Auch um Stadler hatte es schon öfter Spekulationen zu einer nahenden Ablösung gegeben. Die bei der Konzernmutter VW dominierenden Eignerfamilien Porsche und Piech haben sich jedoch bis zuletzt hinter den gebürtigen Bayern gestellt und seinen Rauswurf verhindert. Stadler steht seit elf Jahren an der Spitze von Audi. Für den neuen VW-Boss Herbert Diess ist er nun endgültig zur Belastung geworden. Diess will VW in eine neue und elektrifizierte Zukunft führen sowie die Altlasten des Diesel-Skandals endlich hinter sich lassen.

VW-Aktienkurs unter Druck

Die Verhaftung Stadlers macht ihm da einen Strich durch die Rechnung. Das brachte am Montag auch den VW-Aktienkurs unter Druck. „Das hat jetzt nochmal ein ganz neue Qualität, und vor allem ausländische Anleger werden davon wach gerüttelt, dass die Sache noch nicht ausgestanden ist“, sagte ein Aktienhändler zur Verhaftung Stadlers. Den Skandal am Leben hält auch der Umstand, dass Audi die Überprüfung der eigenen Palette an Dieselmotoren auf illegale Abschaltvorrichtungen immer noch nicht beendet hat. Das soll nun im nächsten Monat so weit sein. Das Kraftfahrt-Bundesamt (KBA) hatte zuletzt zudem Rückrufe für mehrere Audi-Dieselmodelle verordnet. Weitere Rückrufe drohen dem Vernehmen nach.

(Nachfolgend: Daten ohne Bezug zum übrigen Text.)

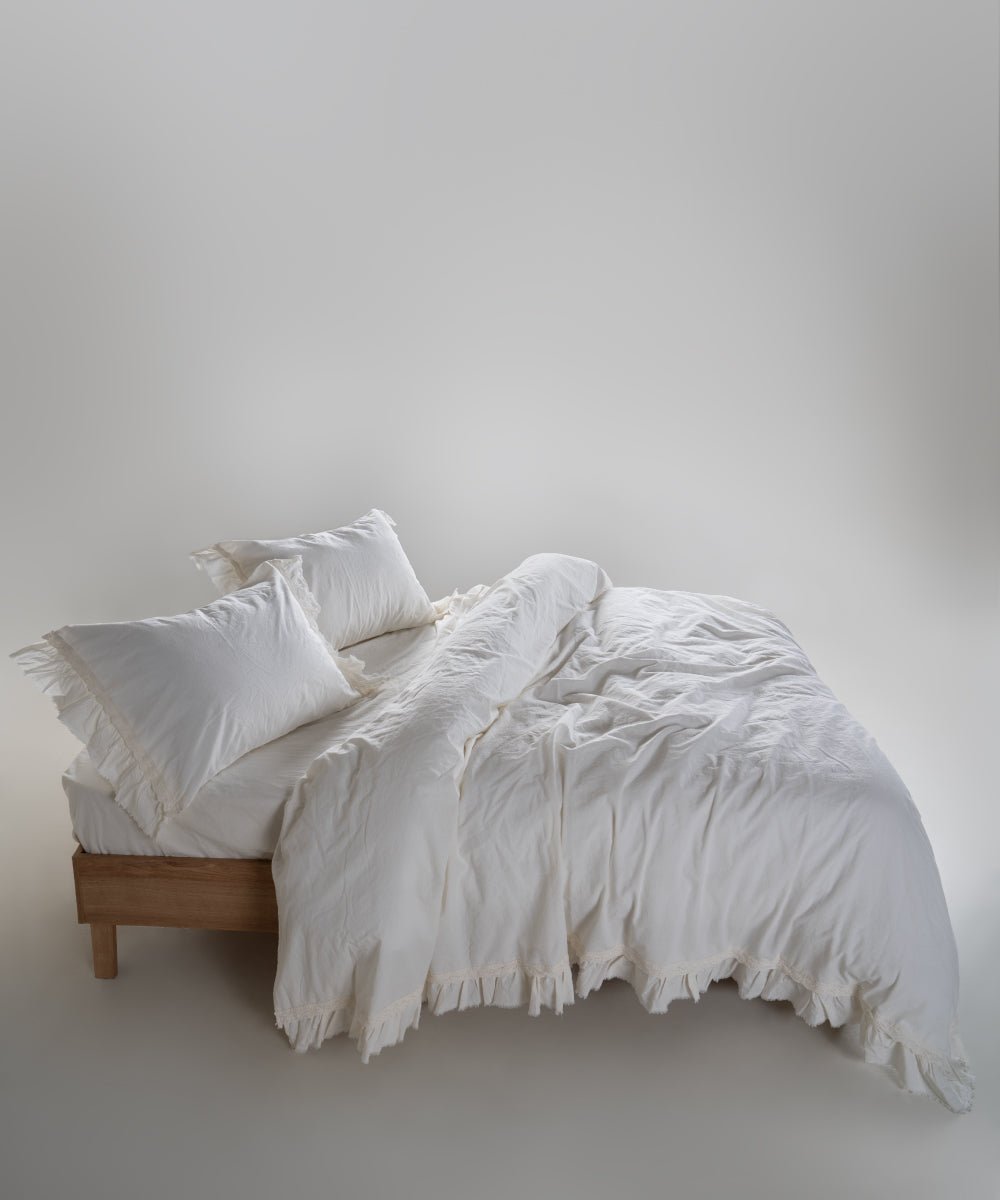 Stonewash 100% Soft Cotton Duvet Cover Set Francesca Snow White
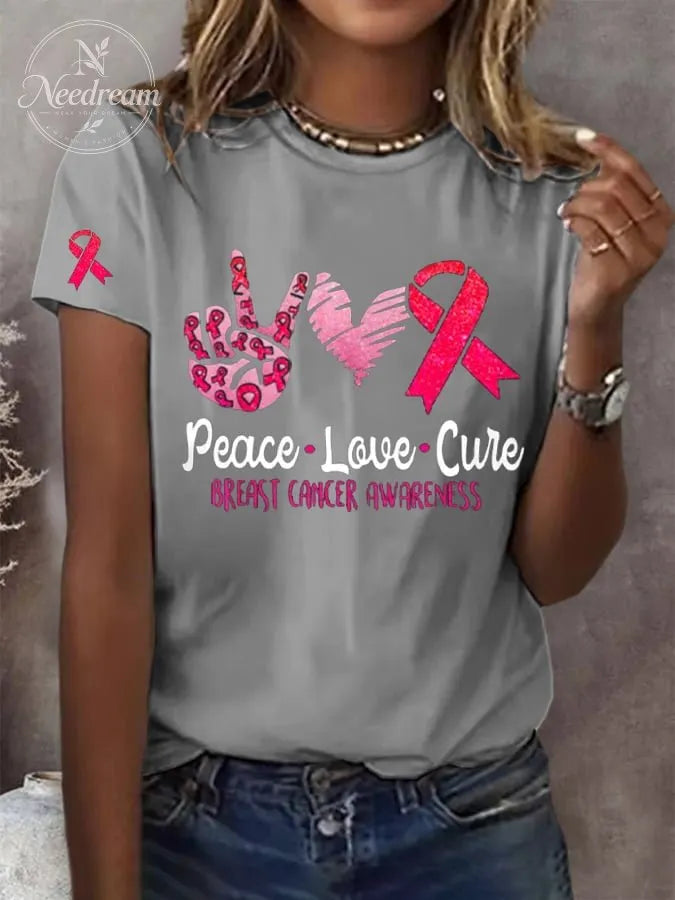 Women's Peace Love Cure Breast Cancer Printed Round Neck Short Sleeve T-Shirt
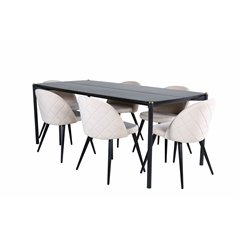 Pelle Dining Table - Black / black Black+Velvet Stitches Chair - Black / Beige Velvet_6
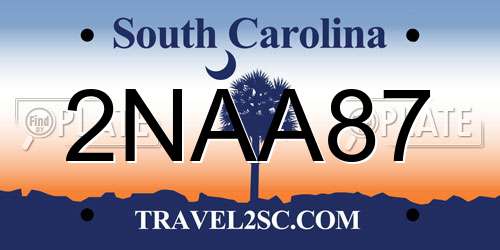 2NAA87 South Carolina License Plate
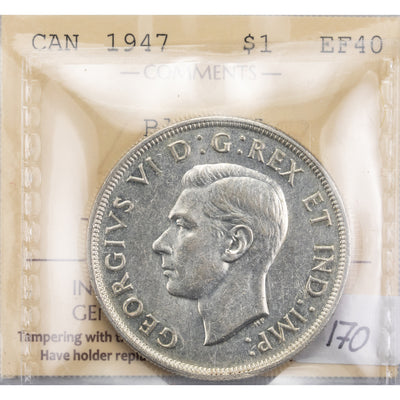 SOLD Canada 1947 Blunt 7 $1 Silver Dollar Coin - ICCS EF-40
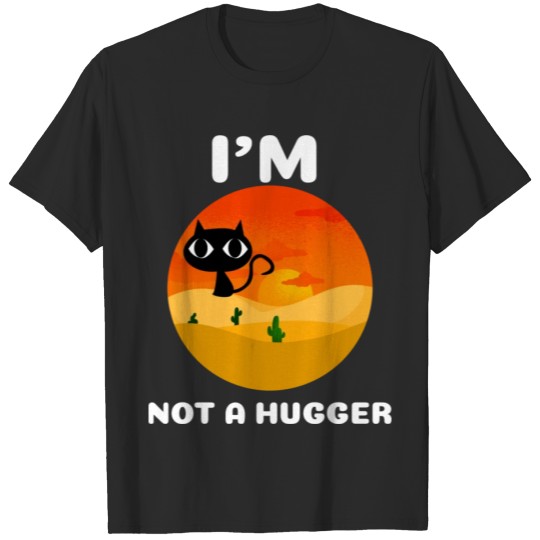 Discover Retro Funny Cat , I'm not a Hugger , Retro Style T-shirt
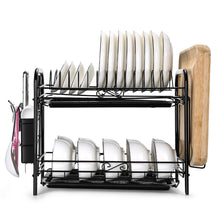 Load image into Gallery viewer, 2 Tier Dish Drying Rack Large Cutlery Holder Free Standing Shelf Drainer Storage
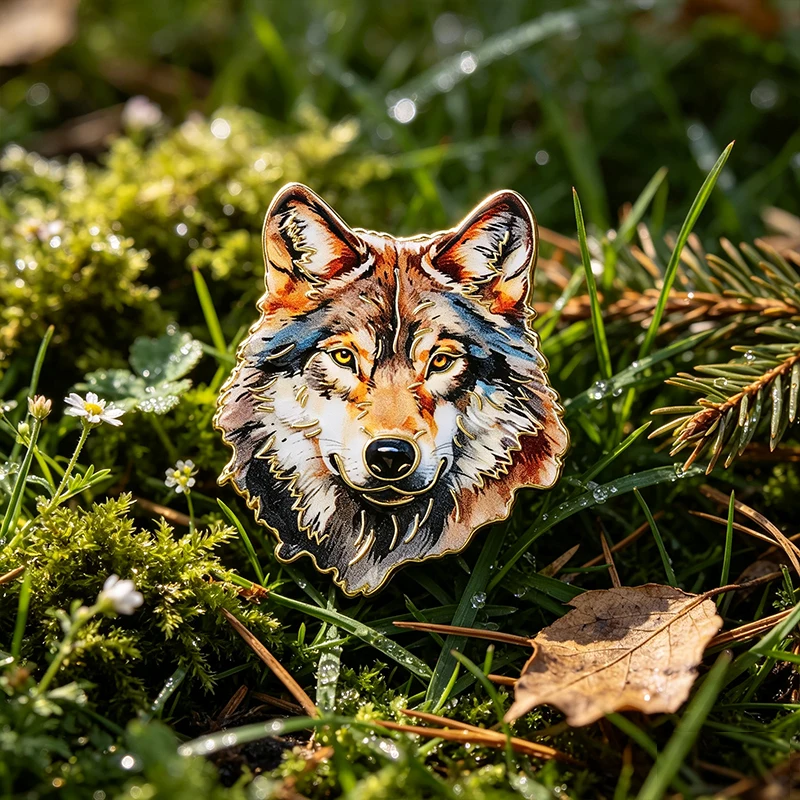 Colorful Wolf Head Watercolor Art Cartoon Enaeml Pin Wildlife Animal Portrait & Amber Eyes Brooch Backpack Jacket Badge Jewelry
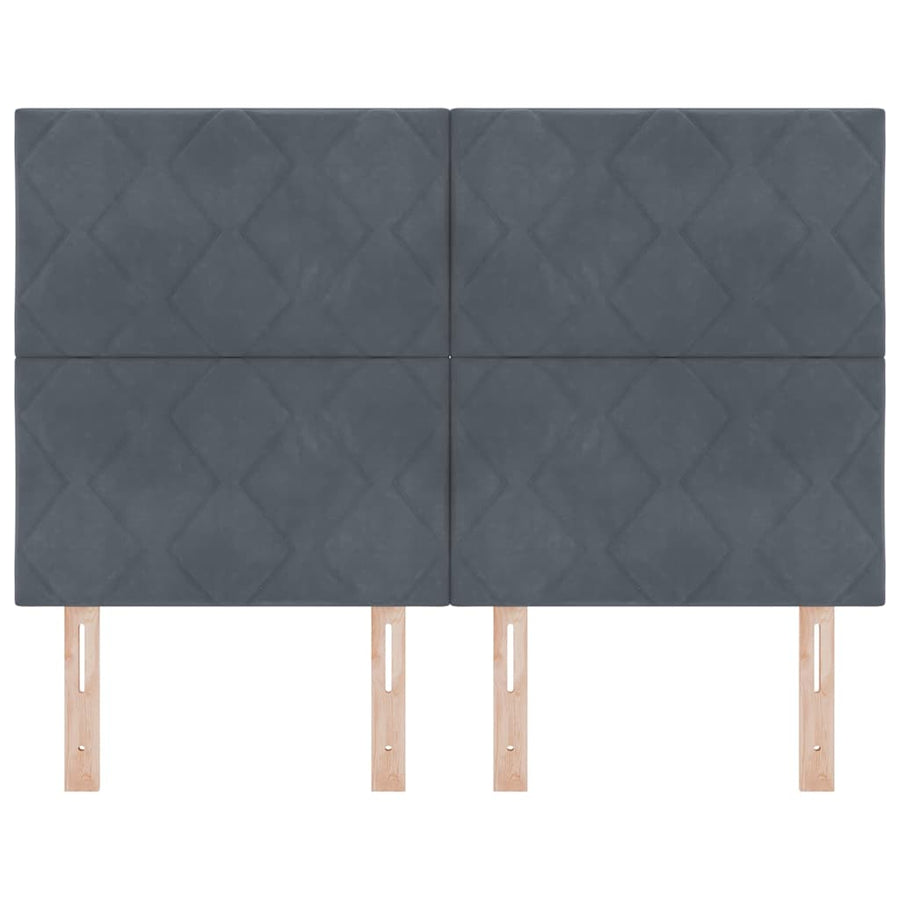 LED Hoofdbord Donkergrijs 160 cm Fluweel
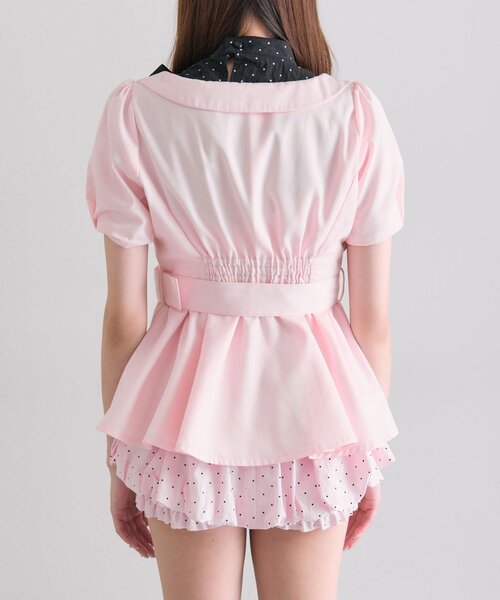 OLIVE des OLIVE(オリーブデオリーブ)の「【インフルエンサー企画】miko ribbon peplum jacket(テーラードジャケット・レディース・ブラック/ピンク・FREE)」の3枚目の写真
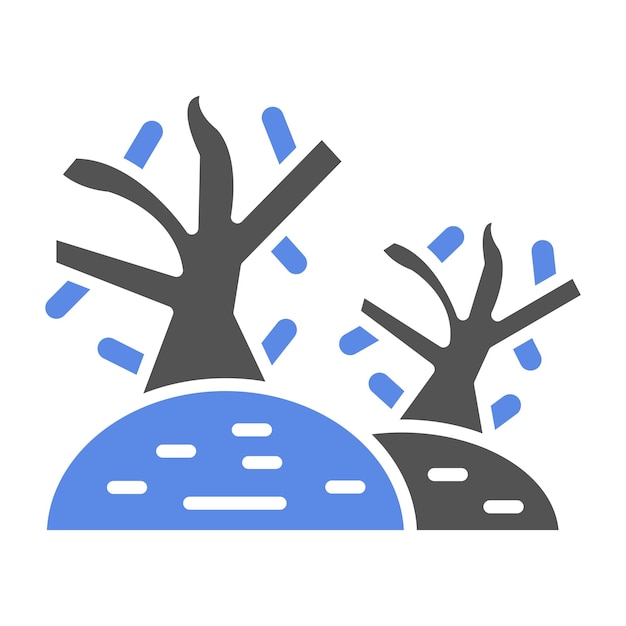 Estilo de icono de árbol seco de diseño vectorial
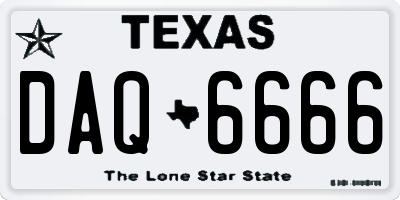 TX license plate DAQ6666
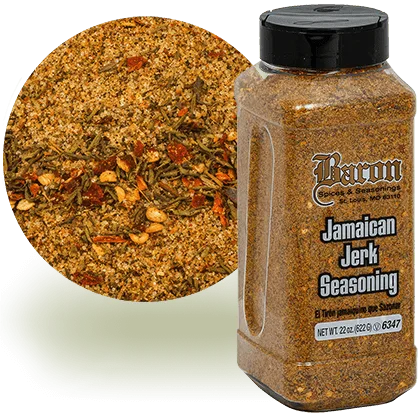 Bacon brand Jamaican Jerk seasoning bulk container with close-up of spice blend showing authentic jerk spice mixture for commercial food service.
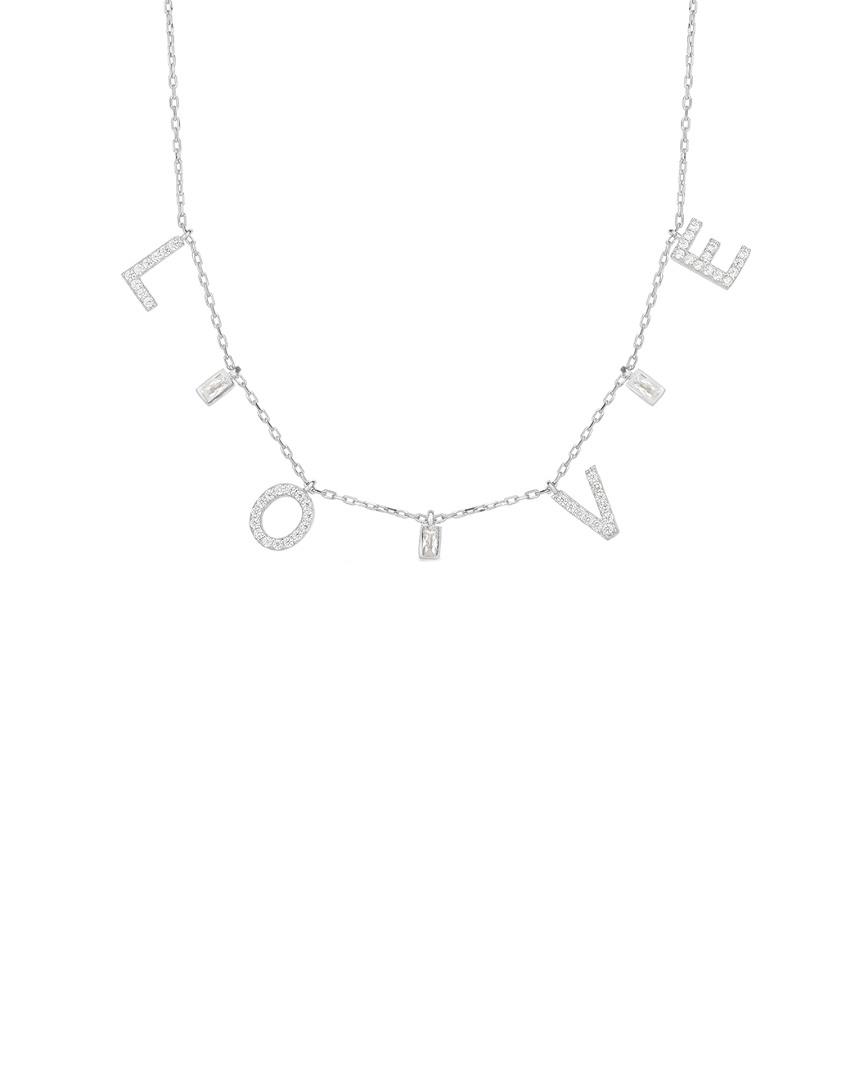 Sphera Milano Silver Cz Love Charm Necklace In Metallic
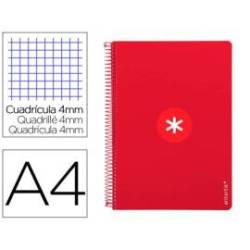 CUADERNO ESPIRAL LIDERPAPEL A4 ANTARTIK TAPA DURA 80H 90GR CUADRO 4MM CON MARGEN FRAMBUESA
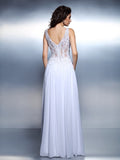 A-Line/Princess Scoop Applique Sleeveless Long Chiffon Dresses Prom Evening Dress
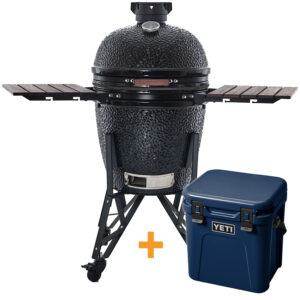 The Bastard Keramikgrill Classic Large - Complete - schwarz glänzend - inkl. YETI ROADIE 24 Kühlbox Navy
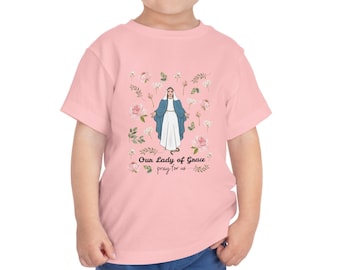 TODDLER Our Lady of Grace T-Shirt, Mother Mary Kids T-Shirt, Catholic Shirt, Catholic Gift, Catholic Girl, Saint Tee, Blessed Virgin Mary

Die Ingolstädter VW-Tochter gilt als eine wesentliche technologische Keimzelle für den konzernweiten Abgas-Skandal. Audi hat Dieselmotoren mit Schummelsoftware nicht nur für den eigenen Bedarf entwickelt. Die anrüchigen Aggregate wurden auch in VW- oder Porsche-Modellen verbaut.